Every person likes prime numbers. Alice is a person, thus she also shares the love for them. Bob wanted to give her an affectionate gift but couldn't think of anything inventive. Hence, he will be giving her a graph. How original, Bob! Alice will surely be thrilled!
When building the graph, he needs four conditions to be satisfied:
It must be a simple undirected graph, i.e. without multiple (parallel) edges and self-loops.

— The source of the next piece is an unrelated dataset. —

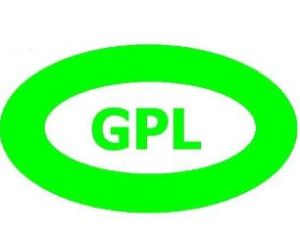 GPL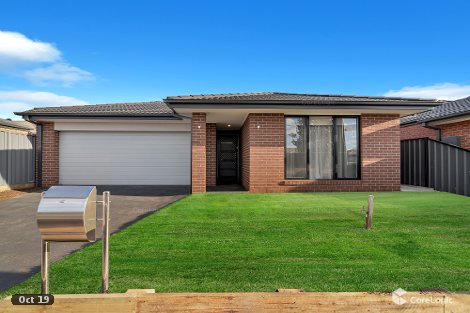 30 Foleys Rd, Derrimut, VIC 3026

The number of vertices must be exactly n — a number he selected. This number is not necessarily prime.
The total number of edges must be prime.
The degree (i.e. the number of edges connected to the vertex) of each vertex must be prime.
Below is an example for n=4. The first graph (left one) is invalid as the degree of vertex 2 (and 4) equals to 1, which is not prime. The second graph (middle one) is invalid as the total number of edges is 4, which is not a prime number. The third graph (right one) is a valid answer for n=4.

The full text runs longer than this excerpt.